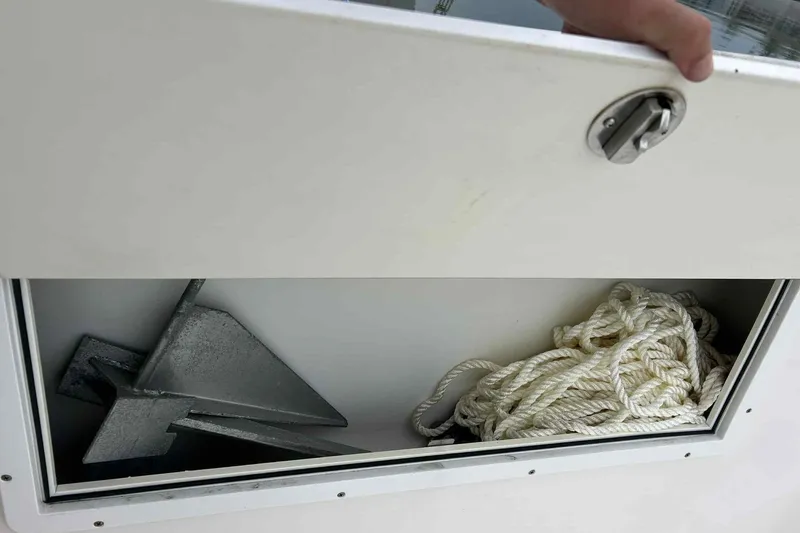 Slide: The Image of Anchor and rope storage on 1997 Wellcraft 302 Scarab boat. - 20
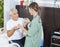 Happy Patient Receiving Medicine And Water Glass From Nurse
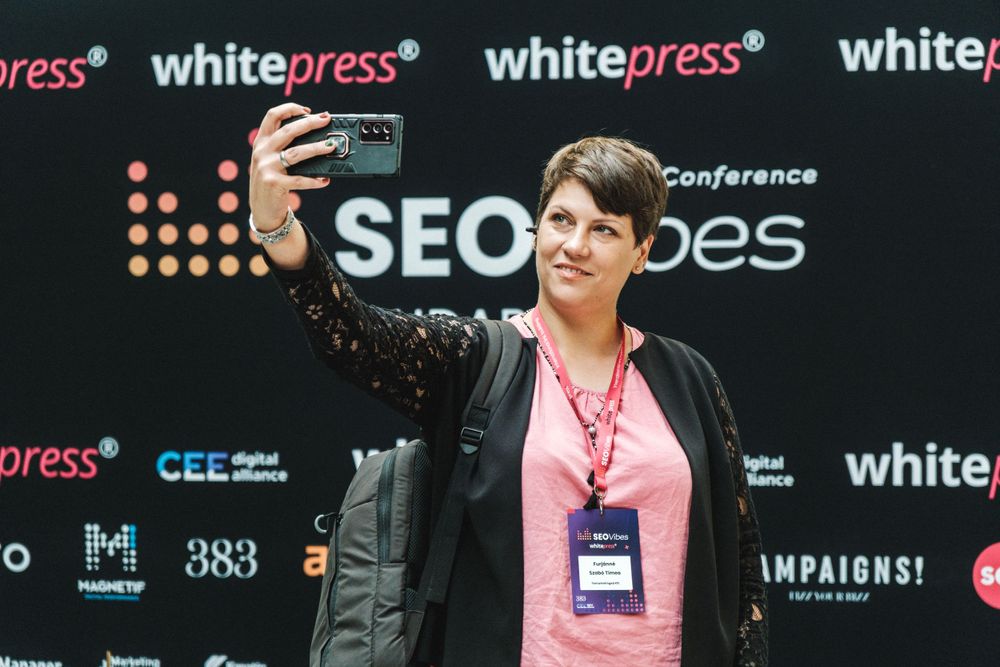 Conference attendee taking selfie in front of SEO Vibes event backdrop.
---*---
- EXERCISE DESCRIPTION:
Return only the lines from the one that contains "Happy Patient Receiving" through the closing line of the data, inclusive, reproduced exactly and with every picture left out.

- YOUR SOLUTION:
 Happy Patient Receiving Medicine And Water Glass From Nurse
 Conference attendee taking selfie in front of SEO Vibes event backdrop.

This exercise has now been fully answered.